The realization of all of this, which has come in fits and starts during this past year, have been in some ways painful. There’s a part of me that feels odd now for staying involved in the adoption community, particularly the things I do with Korean American groups and friends. Although I have always understood that there’s an artifice to what we adoptive parents do to help our kids connect with their community, for the first time since the kids arrived I feel it - and I don't want to.

Don’t misunderstand: I would not have changed a thing. My kids needed all of this to get where they are and to help them get where they’re going. But what I didn’t anticipate when I started this journey is that it would actually end one day, or at least slow down as much as it has. I feel a little like a piece of my life is dying, and it makes me incredibly sad.

When I observe my now-adult kids living as strong, confident Korean American adoptees, however, I remind myself that it’s never, ever been about me – it’s all about them, and should be.

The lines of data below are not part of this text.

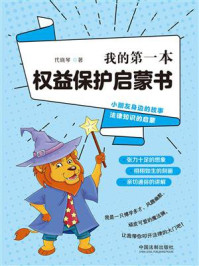 我的第一本权益保护启蒙书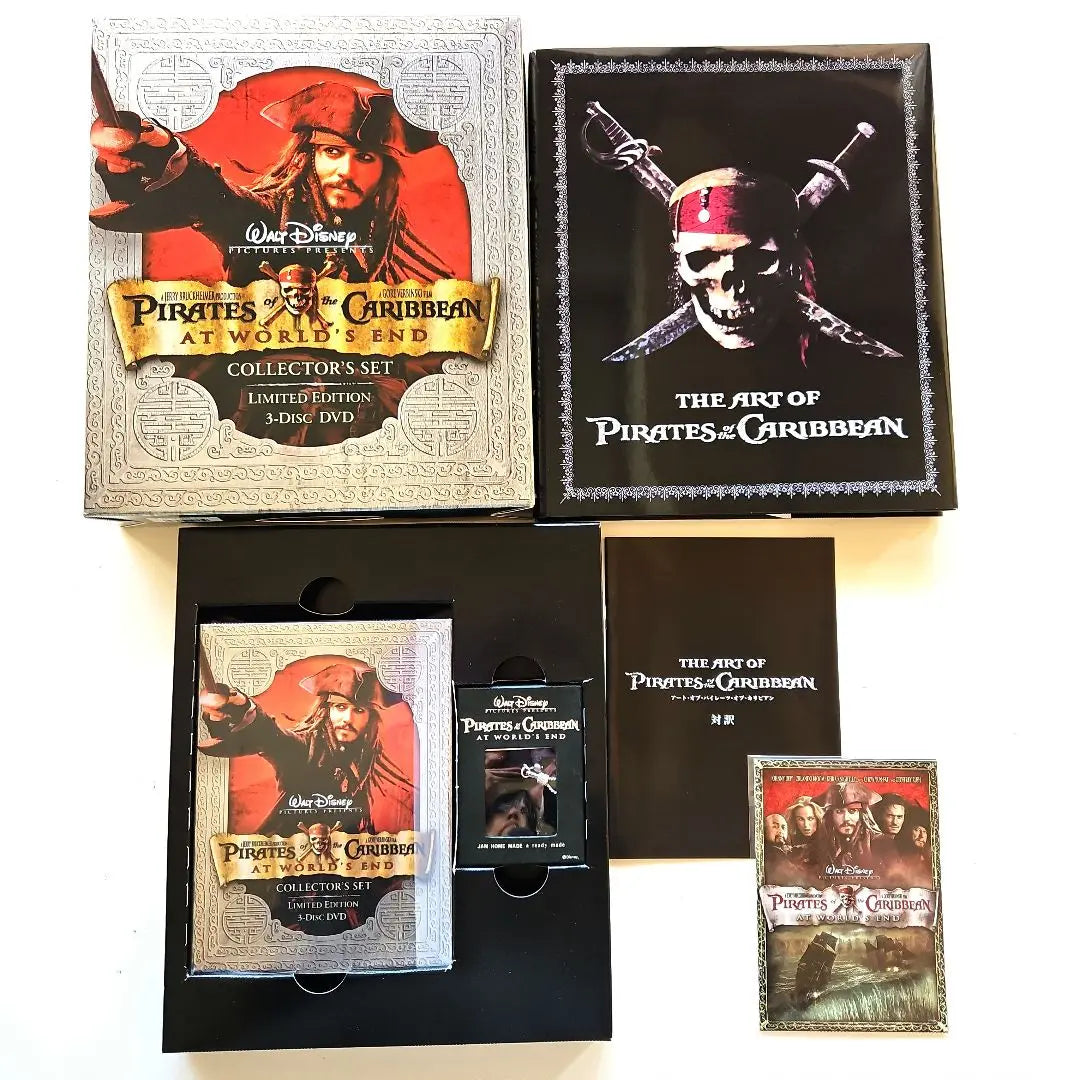 《Pirates of Caribbean》 World End Collector's Set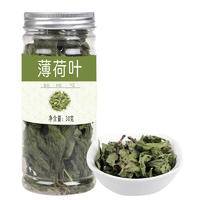 罐装花茶组合水果茶金银花胎菊玫瑰花茉莉花茶叶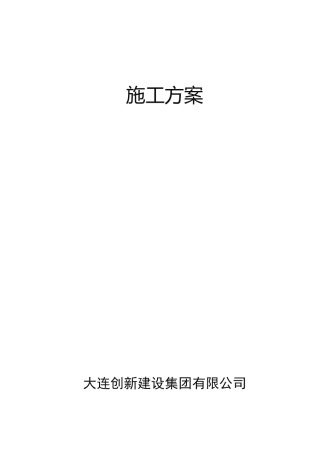 SBS防水卷材工程施工组织设计方案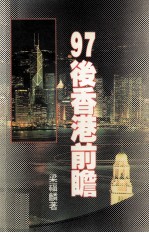 97后香港前瞻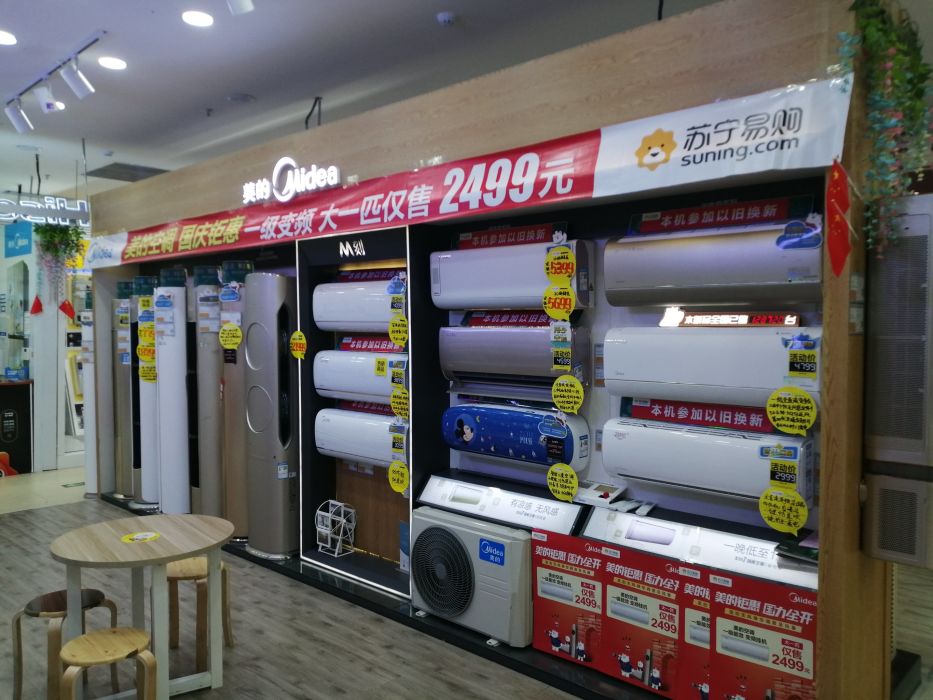 苏宁易购电器专卖店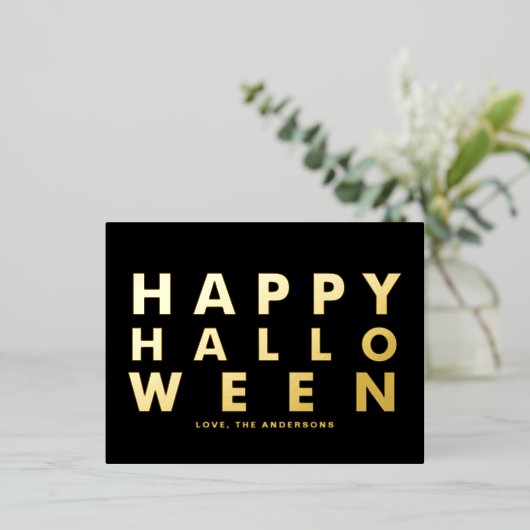 はっきりしたモダンタイポグラフィブラックハッピーハローウィン 箔シーズンポストカード (立ち正面)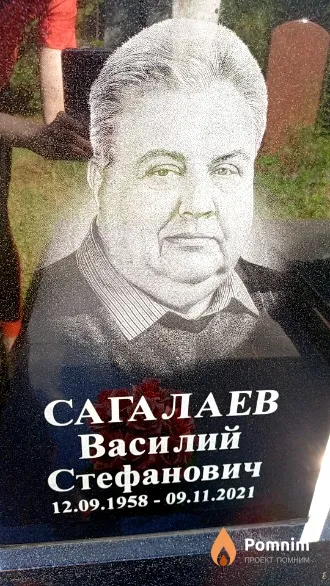 Сагалаев Василий Стефанович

That’s when I relax a little, and remind myself that, even though the stuff of my life may change in the coming years, I’ll always have kimchi. Well, not just kimchi, but everything I’ve learned about a country and people I would never have known. I can take it all with me into the future and enjoy it, experience it and live it for itself, on my own terms.

February 6, 2013

Who is failing the children?

I have tremendous respect for Jane Jeong Trenka and the work she has done to change attitudes and laws around single parenting and intercountry adoption in Korea. The work she does and has done has made a real difference in the lives of single Korean mothers and their children, and should be applauded.
But in the article I referenced in my last post - How to stop languishing and get yourself adopted - Jane has oversimplified a really complex issue. This may be the first time I have to say I really don't agree with Jane's view of her subject.
If I don't misinterpret, Jane reasons that the number of adoptable children in foster care (104,236 in 2011 according to AFCARS #19) is the result of prospective adoptive parents who seek to infant adoptions while rejecting the older children and sibling groups who need them.
A couple of stats to broaden the discussion ...
  • 50,516 U.S. children adopted from foster care in 2011 (AFCARS #19)
  • 9,320 intercountry adoptions (US State Dept 2011)
  • 18,000 estimated private domestic non-relative adoptions annually (AdoptionGuide.com)
  • 310,000,000 approximate U.S. population in 2011
... which in turn raise a couple of questions:
  • If demand-driven adoption programs no longer existed, would the 27K consider adopting from foster care?
  • If they all did, would that provide homes for the 100K children waiting?
  • With a general population of 310M, why have only 50K people stepped up to adopting a child from foster care?
Prospective adopters would have several choices to consider if infant adoption programs no longer existed: live without children, very wrongly turn to the black market for a child, or adopt an older child from foster care.  Even if every one of them adopted an older child, many thousands of adoptable kids would remain in foster care.

I believe the numbers point to a lack of concern or interest among the general population, which is a much more complex issue than Jane's article suggests. I'm as guilty as every non-adoptive parent for failing to do more for these children.

Again, I say this with all due respect to Jane, whom I respect and admire.